分類:medium 樹 分治
題目介紹
Given an integer array with no duplicates. A maximum tree building on this array is defined as follow:
- The root is the maximum number in the array.
- The left subtree is the maximum tree constructed from left part subarray divided by the maximum number.
- The right subtree is the maximum tree constructed from right part subarray divided by the maximum number.

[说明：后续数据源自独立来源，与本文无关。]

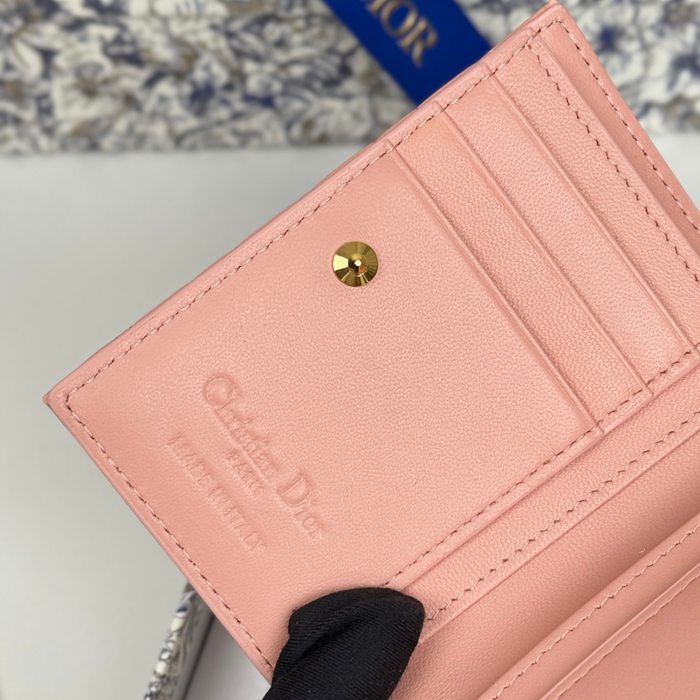 DIOR S6037UBHZ カロ?ダリア 長財布 藤編みラム革 サイズ:11.5x9cm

Construct the maximum tree by the given array and output the root node of this tree.
Example 1:
Input: [3,2,1,6,0,5]
Output: return the tree root node representing the following tree:
6
/ \
3 5
\ /
2 0
\
1
Note:
- The size of the given array will be in the range [1,1000].
題目翻譯
給你一個無序的整數數組,你返回一個最大的樹,
1.數組中的最大值爲根節點
2.以根節點爲準,左子樹的根節點爲數組左半部分的最大值
3.以根節點爲準,右子樹的根節點爲數組右半部分的最大值
重複以上步驟,構建二叉樹,最終返回二叉樹的根節點。
已給代碼
/**
* Definition for a binary tree node.
* public class TreeNode {
* int val;
* TreeNode left;
* TreeNode right;
* TreeNode(int x) { val = x; }
* }
*/
解題代碼
/**
* Definition for a binary tree node.
* public class TreeNode {
* int val;
* TreeNode left;
* TreeNode right;
* TreeNode(int x) { val = x; }
* }
*/
class Solution {
public TreeNode constructMaximumBinaryTree(int[] nums) {
return getMax(0,nums.length-1,nums);
}
public TreeNode getMax(int start,int end,int []nums){
if(start>end) //結束條件很重要
return null;
int temp=nums[start];
int index=start;
for(int i=start+1;i<=end;i++){
if(nums[i]>temp){
temp=nums[i];
index=i;
}
}
TreeNode node=new TreeNode(temp);
node.left=getMax(start,index-1,nums);//分治法 對左孩子進行遞歸
node.right=getMax(index+1,end,nums);// 對右孩子進行遞歸
return node;
}
}